What This Workflow Does
This workflow checks for unresolved JIRA tickets open more than 7 days.
It reads all conversations on each ticket and uses AI to decide the ticket’s status.
It tries to solve tickets automatically or asks for more details.
It sends reminders or closes tickets based on results.
This helps support teams save time and keep customers happier.
Tools and Services Used
- n8n: Automation platform to run the workflow.
- JIRA Software Cloud: Source of support tickets.
- OpenAI: Provides AI for state classification, sentiment analysis, and generating comments.
- Slack: Sends alerts for negative or unresolved tickets.
- Notion: Knowledge base for finding solutions.
Step-By-Step: How to Use This Workflow in n8n
Step 1: Import and Setup
- Download the workflow file by clicking the Download button on this page.
- Open n8n editor where you want to run this.
- Import the workflow using the Import from File option.
Step 2: Configure Credentials and IDs
- Add your JIRA API Key and connection in the workflow credentials.

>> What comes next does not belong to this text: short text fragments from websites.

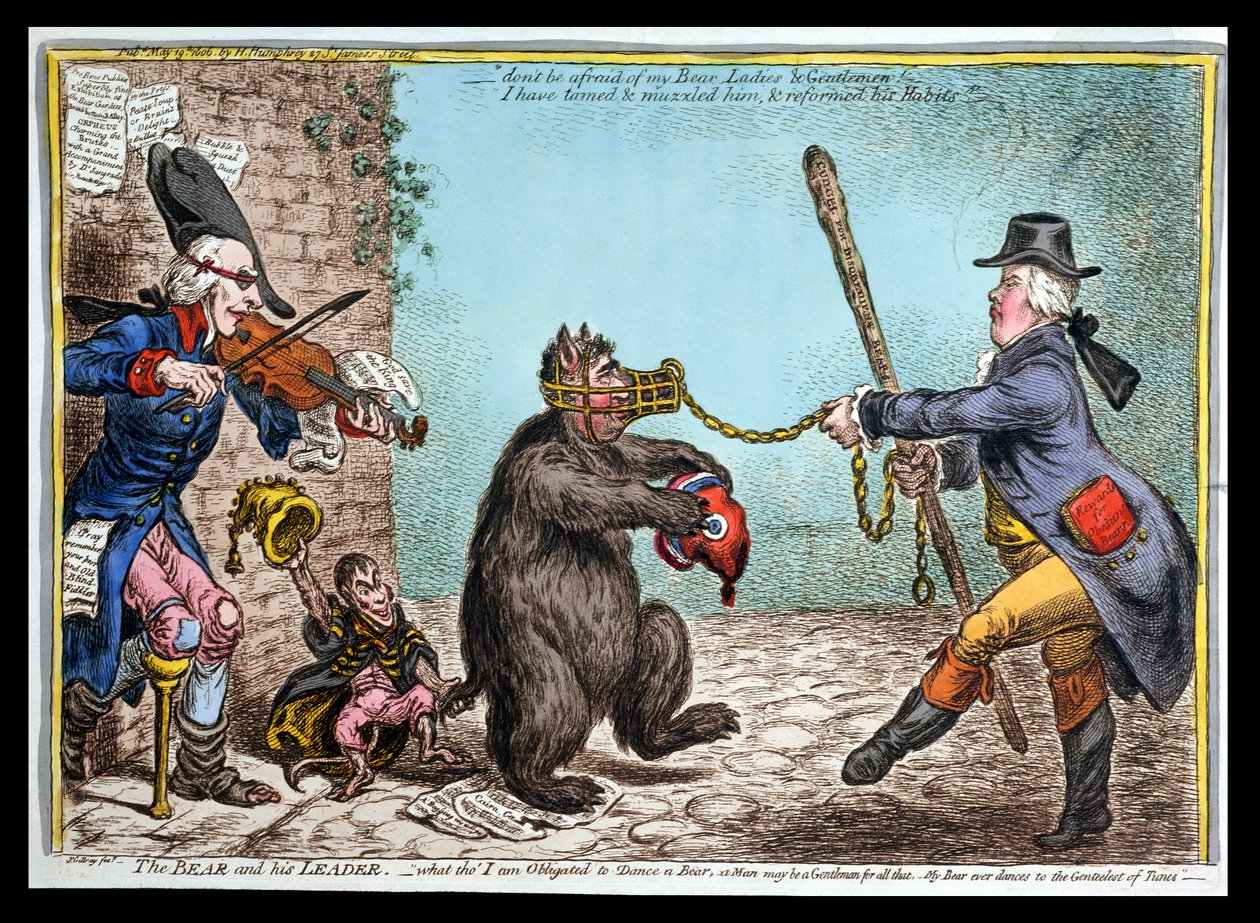 The Bear and his Leader, julkaissut Hannah Humphrey vuonna 1806 (käsinvärinen etsaus) tekijältä James Gillray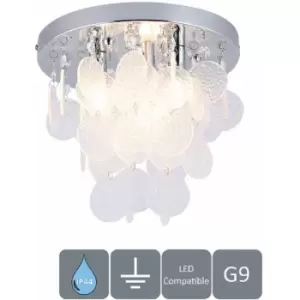 Harperliving - Crystal Bathroom Ceiling Light 3xG9 Cap Type Modern Water Resistant (IP44) Circular Crystals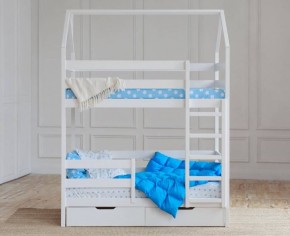 Кровать-домик двухъярусная 80*160 Белый в Кургане - kurgan.ok-mebel.com | фото 5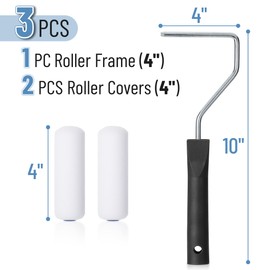 Bates- Paint Roller 4 Inch Paint Roller Frame with 2 Foam Covers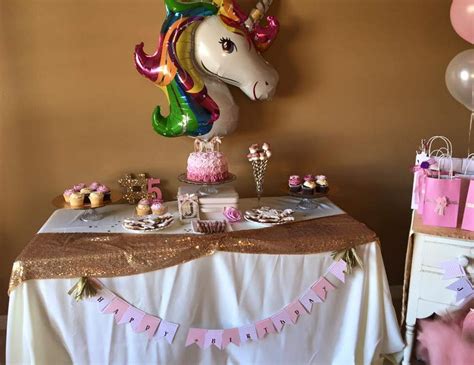 Pink And Gold Unicorns Birthday Jordys 5th Birthday Party Catch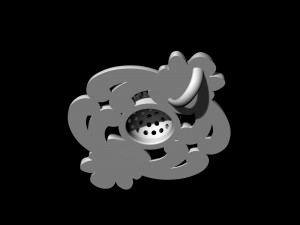 pendant with central ball of gems Modelo de impresión 3D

- Set up OpenAI API Key for AI nodes (classification, sentiment, reply generation).
- Input Slack credentials and target Slack channel ID to get alerts.
- Connect Notion with API Key and update database or page IDs for knowledge base query.
- Check and update any IDs, email addresses, or URLs inside message nodes as needed.
Step 3: Test the Workflow
- Run the workflow manually on a test issue to see if it finds issues and processes AI steps.
- Check returned comments, classifications, and Slack messages.
Step 4: Activate for Production
- Enable the Schedule Trigger node to run daily automatically.
- Keep an eye on execution logs for errors or missing credentials.
- Adjust prompt texts or JQL queries if needed for tuning.
If running on your own server, consider using self-host n8n for better control.
Workflow Inputs, Processing, and Outputs
Inputs
- JIRA issues that are open and older than 7 days.
- All comments and metadata from those issues.
- Company knowledge base content from Notion.
Processing Steps
- Use JQL query in JIRA node to fetch unresolved tickets older than 7 days.
- Extract detailed metadata and gather all comments per ticket.
- Transform comments into easy readable text thread for AI.
- Use OpenAI GPT-4 model to classify ticket status (resolved, pending info, or no response).
- If resolved, run sentiment analysis on customer tone to decide next steps.
- Search similar tickets and product docs in Notion to try auto-solving unresolved tickets.
- Post AI-generated replies or reminders to tickets.
- Close tickets if solved or escalate negative sentiment tickets by sending Slack alerts.
Outputs
- Comment updates on JIRA tickets with AI responses.
- Automatic ticket closures or follow-up reminders.
- Slack notifications for unresolved issues with negative feedback.
Common Issues and Fixes
No Tickets Found by JIRA Node?
Check if the JQL in the Get List of Unresolved Long Lived Issues node is correct.
Try the same query manually inside JIRA search to see results.
AI Returns No Solution?
Make sure Notion knowledge base has enough info and is correctly connected.
Verify OpenAI API key is active and not over quota.
No Slack Messages?
Confirm Slack credentials and channel IDs are valid in n8n.
Test simple Slack messages before running automated alerts.
Customizations
- Adjust the “older than 7 days” filter in the JQL query to shorter or longer periods.
- Switch OpenAI models in AI nodes for balance between cost and quality.
- Change URLs in feedback request messages to your preferred review platform.
- Add more Slack notifications for events like reminders or escalations.
- Rewrite reminder prompts in the AI nodes to fit your company tone.
Summary of Benefits and Results
✓ Saves support team hours by automating checking and replying.
✓ Stops tickets from being forgotten or delayed.
✓ Improves customer happiness through faster info and feedback requests.
✓ Helps focus human attention on bad or complicated tickets by sending alerts.